# TASK INSTRUCTIONS:
Each entry is to be repeated word for word, and the images are to be dropped.

Collection entries
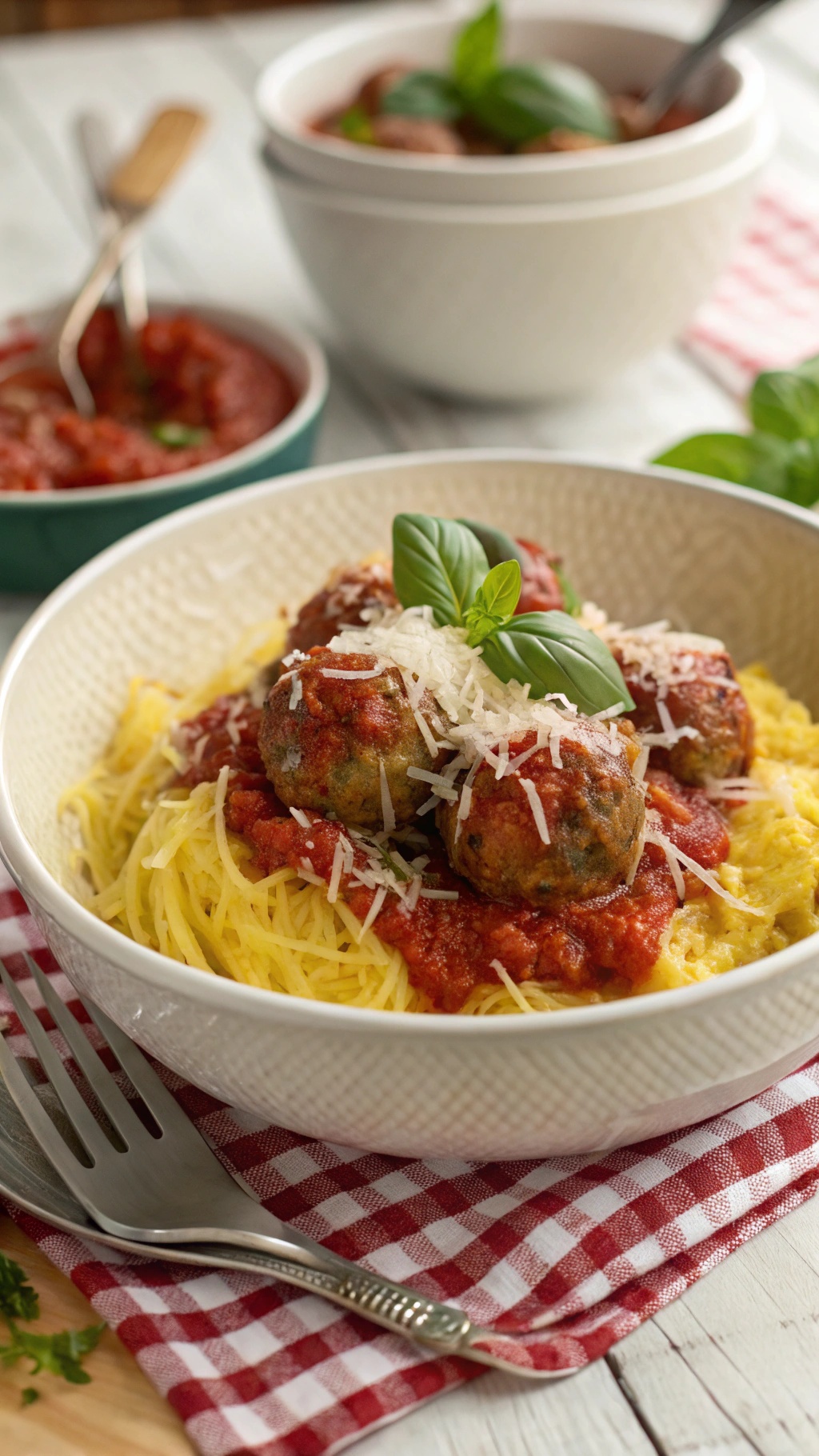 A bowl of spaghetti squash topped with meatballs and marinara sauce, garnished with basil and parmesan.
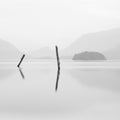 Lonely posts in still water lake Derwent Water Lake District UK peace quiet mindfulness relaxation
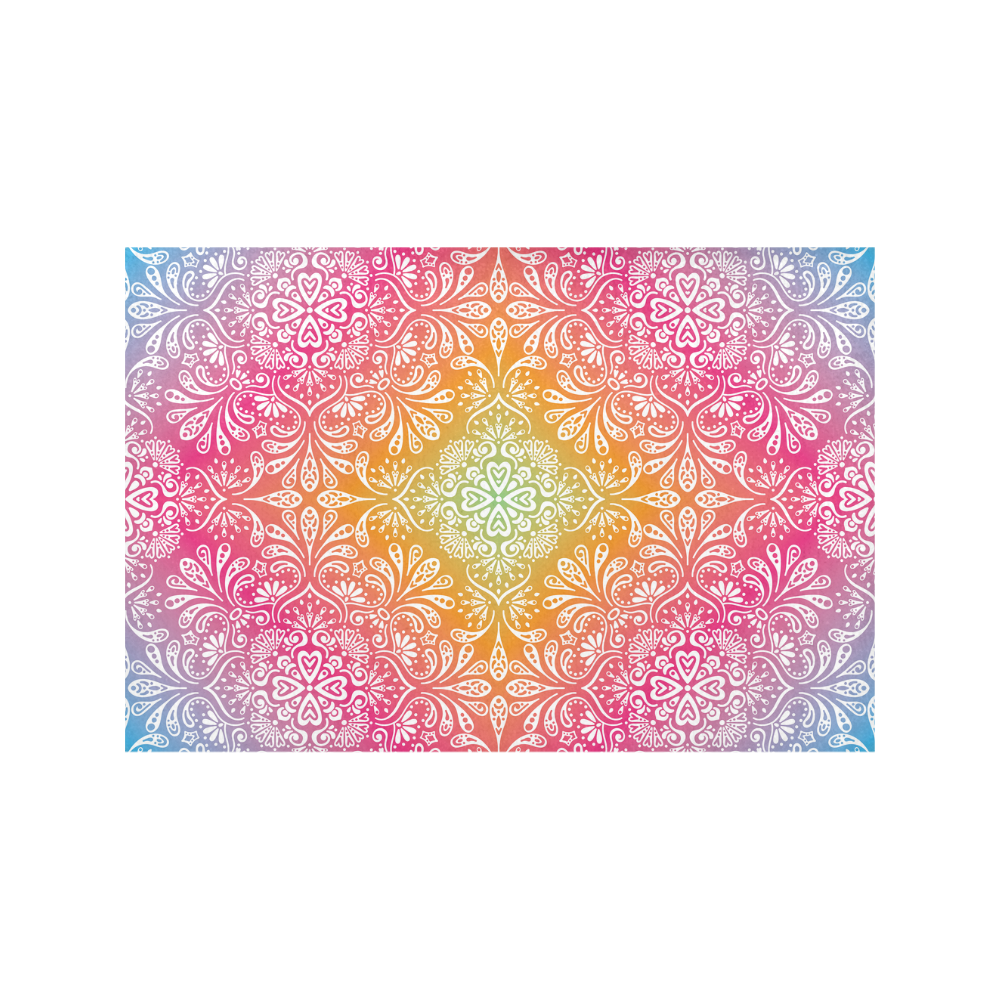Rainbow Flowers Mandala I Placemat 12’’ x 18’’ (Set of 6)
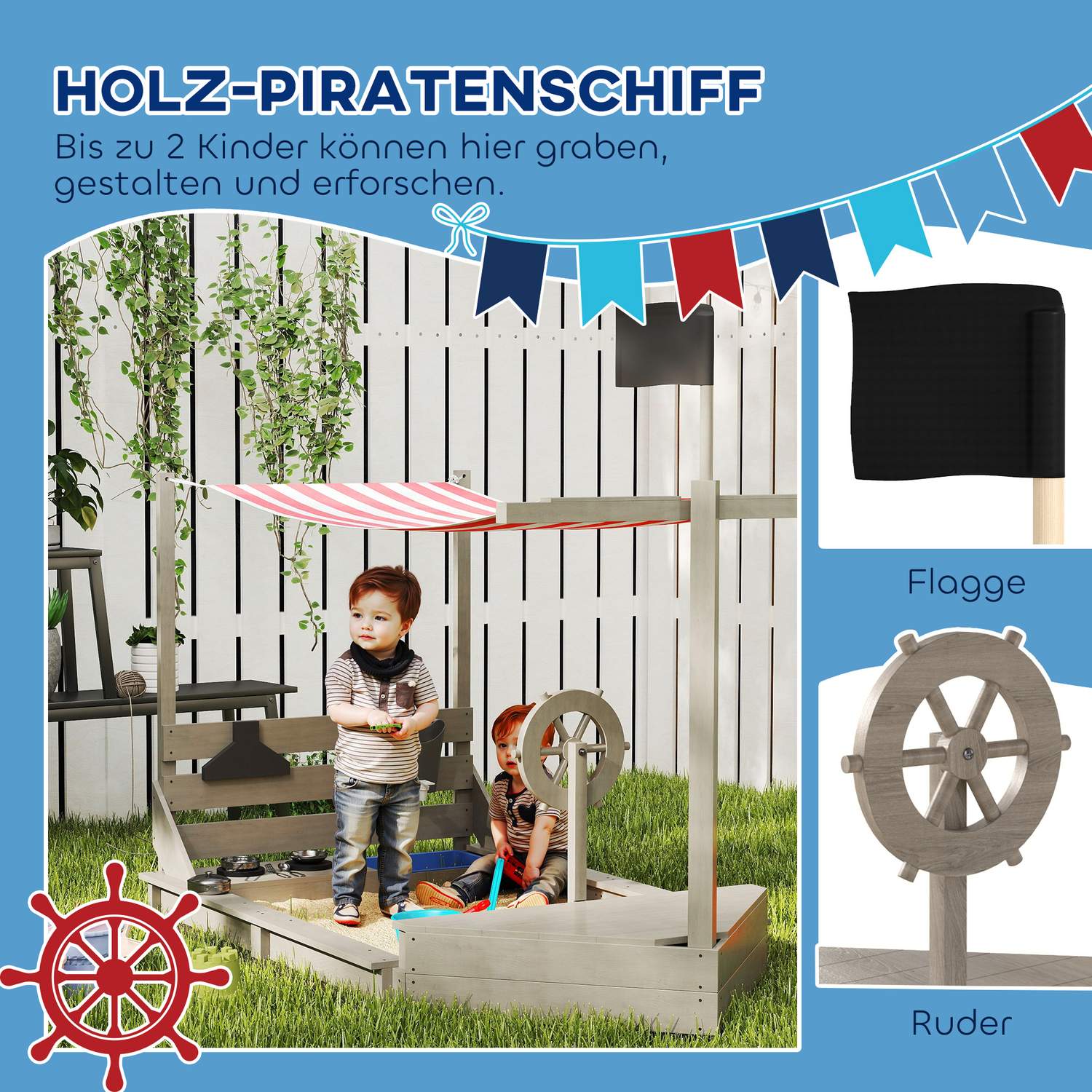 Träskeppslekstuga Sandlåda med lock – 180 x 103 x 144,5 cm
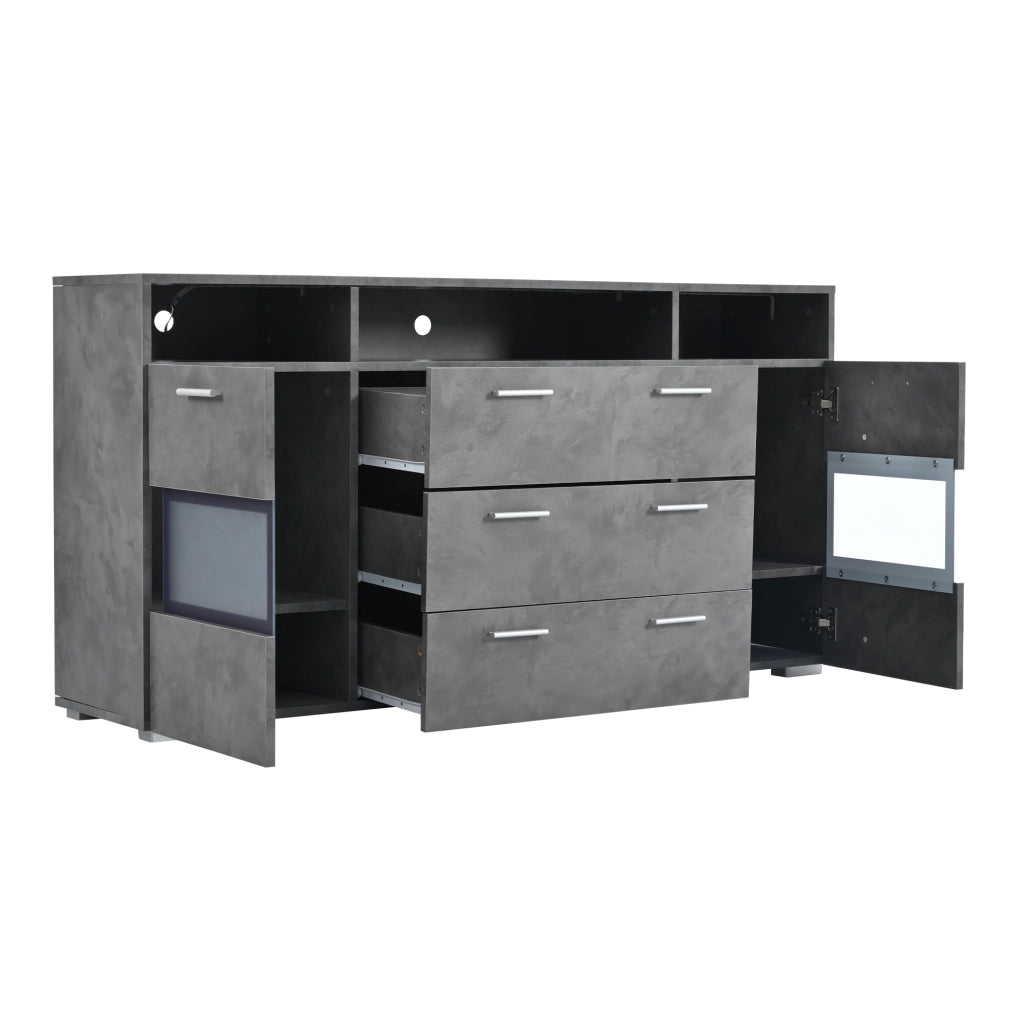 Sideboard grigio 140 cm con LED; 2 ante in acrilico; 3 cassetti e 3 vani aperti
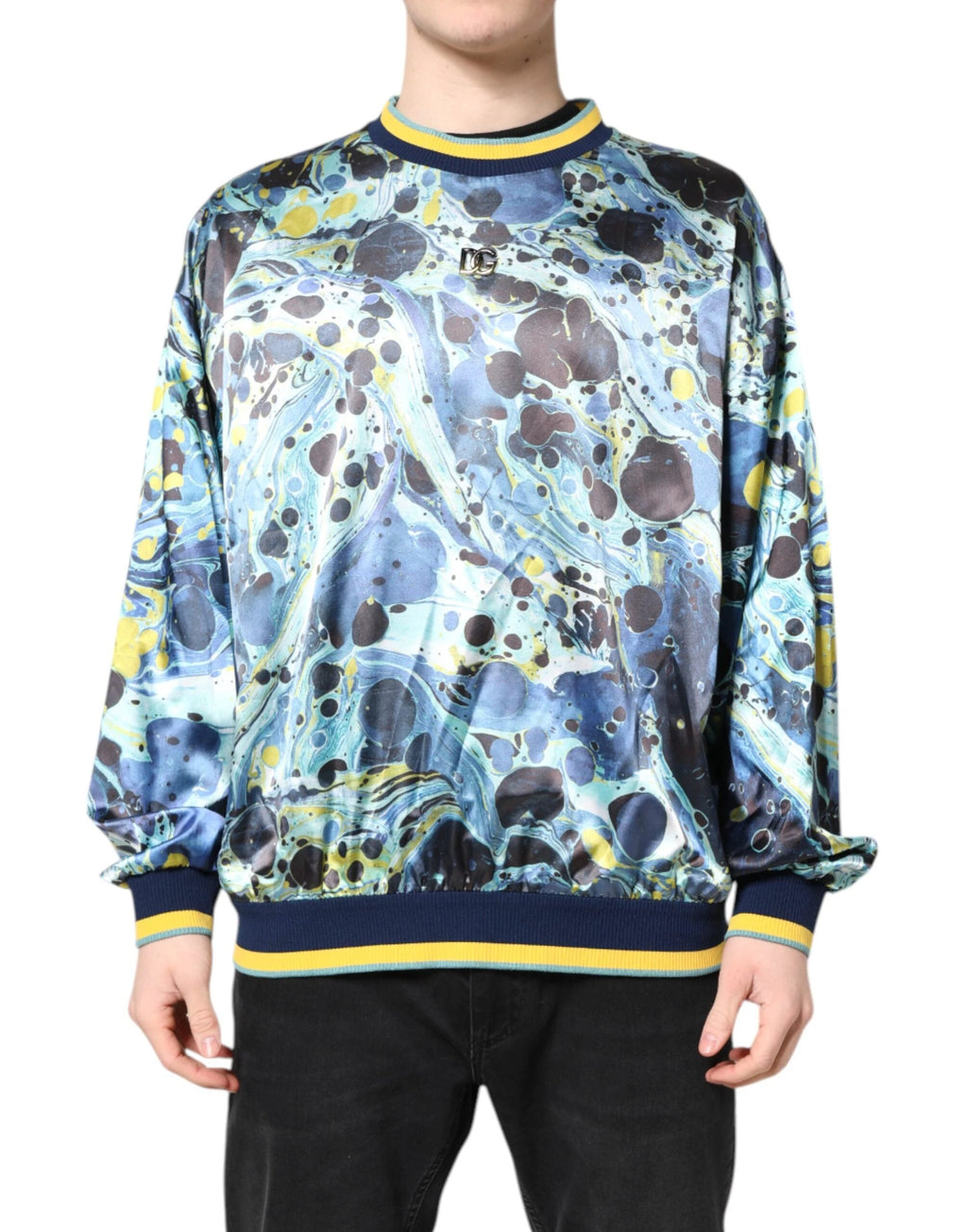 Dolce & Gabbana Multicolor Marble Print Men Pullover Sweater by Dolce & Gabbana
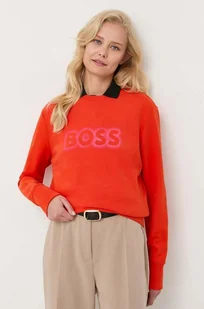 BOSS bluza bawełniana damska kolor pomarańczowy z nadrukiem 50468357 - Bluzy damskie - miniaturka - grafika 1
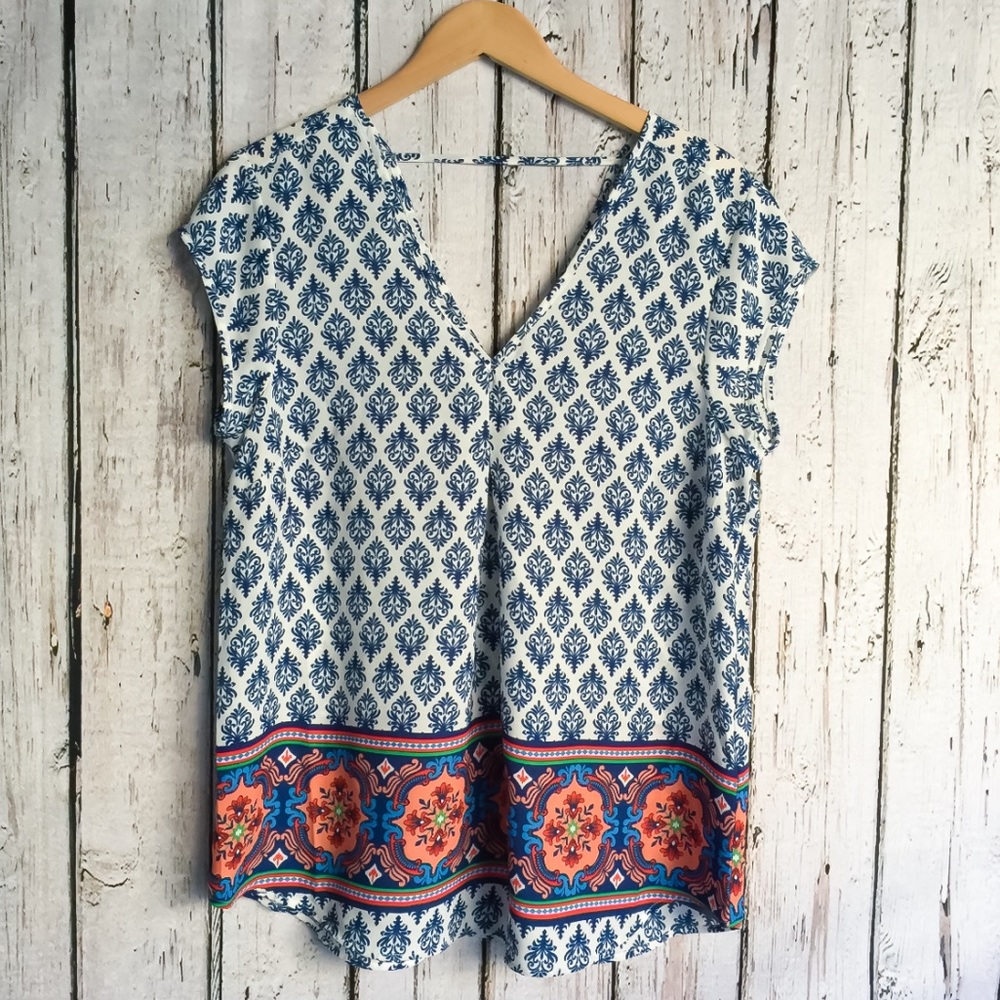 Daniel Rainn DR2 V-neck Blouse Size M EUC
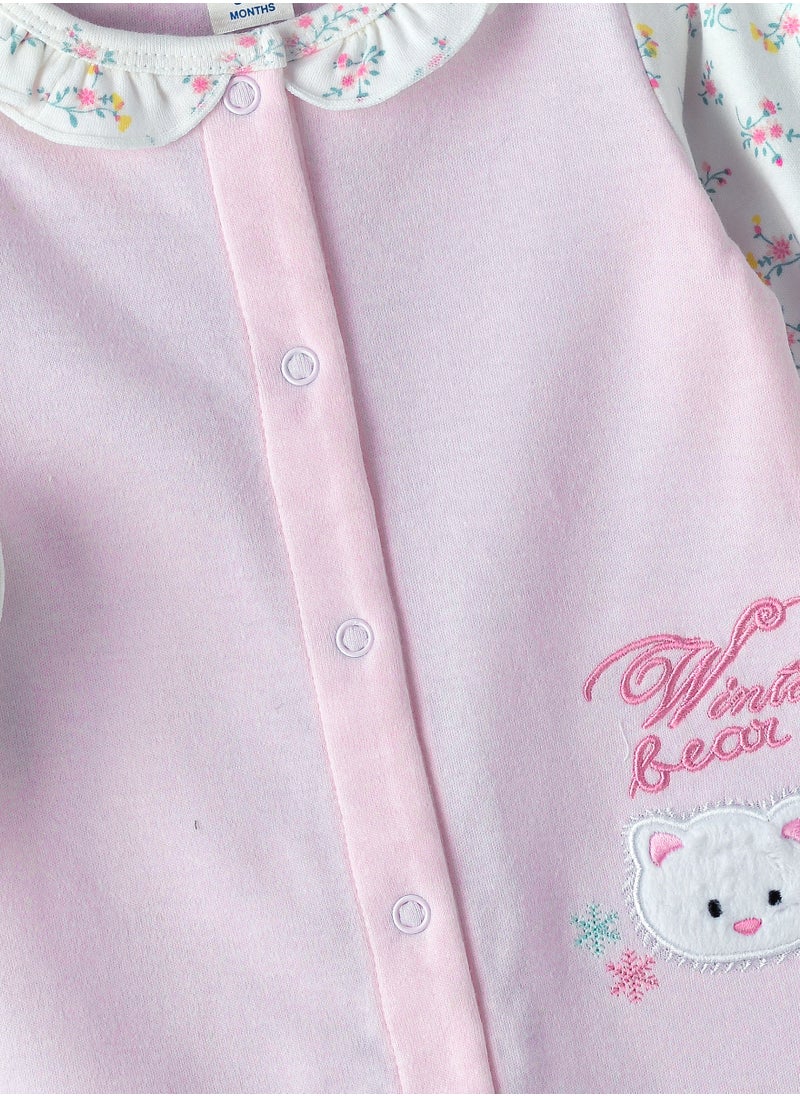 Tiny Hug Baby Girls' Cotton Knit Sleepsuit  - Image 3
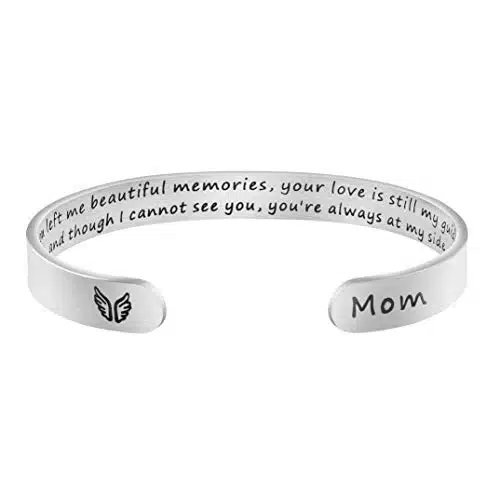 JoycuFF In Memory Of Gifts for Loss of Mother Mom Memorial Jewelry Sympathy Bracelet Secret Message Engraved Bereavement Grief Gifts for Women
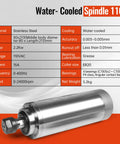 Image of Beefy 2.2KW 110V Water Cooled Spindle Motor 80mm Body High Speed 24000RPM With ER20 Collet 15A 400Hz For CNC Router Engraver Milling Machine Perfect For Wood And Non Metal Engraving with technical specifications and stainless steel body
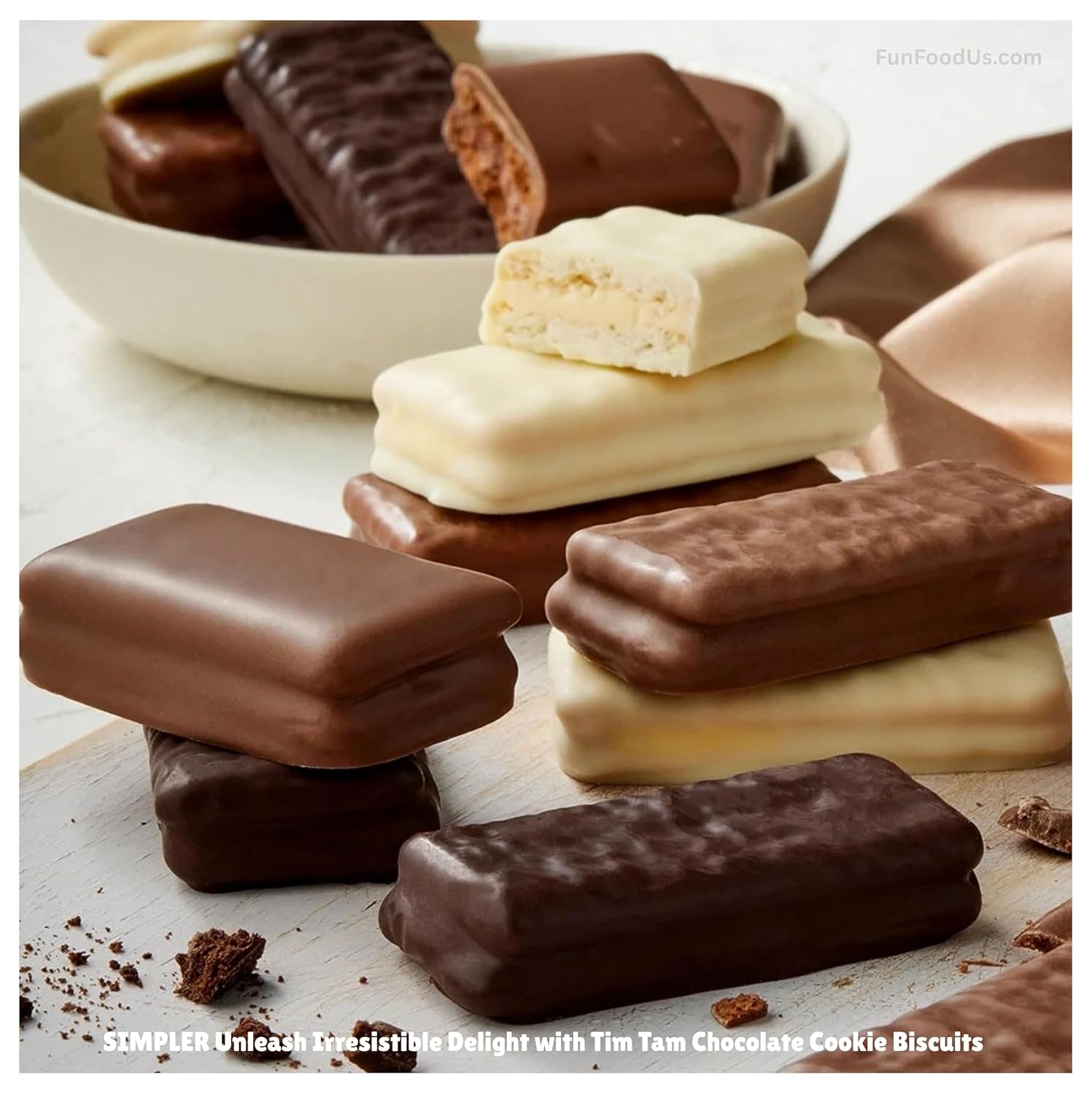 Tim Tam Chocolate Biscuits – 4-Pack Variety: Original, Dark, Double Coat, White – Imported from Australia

# ANSWER SECTION:
 A bowl of spaghetti squash topped with meatballs and marinara sauce, garnished with basil and parmesan.
 Lonely posts in still water lake Derwent Water Lake District UK peace quiet mindfulness relaxation
Rainbow Flowers Mandala I Placemat 12’’ x 18’’ (Set of 6)
 Träskeppslekstuga Sandlåda med lock – 180 x 103 x 144,5 cm
 Sideboard grigio 140 cm con LED; 2 ante in acrilico; 3 cassetti e 3 vani aperti
 Dolce & Gabbana Multicolor Marble Print Men Pullover Sweater by Dolce & Gabbana
 BOSS bluza bawełniana damska kolor pomarańczowy z nadrukiem 50468357 - Bluzy damskie - miniaturka - grafika 1
 Daniel Rainn DR2 V-neck Blouse Size M EUC
 Tiny Hug Baby Girls' Cotton Knit Sleepsuit  - Image 3
 JoycuFF In Memory Of Gifts for Loss of Mother Mom Memorial Jewelry Sympathy Bracelet Secret Message Engraved Bereavement Grief Gifts for Women
 Image of Beefy 2.2KW 110V Water Cooled Spindle Motor 80mm Body High Speed 24000RPM With ER20 Collet 15A 400Hz For CNC Router Engraver Milling Machine Perfect For Wood And Non Metal Engraving with technical specifications and stainless steel body
 Tim Tam Chocolate Biscuits – 4-Pack Variety: Original, Dark, Double Coat, White – Imported from Australia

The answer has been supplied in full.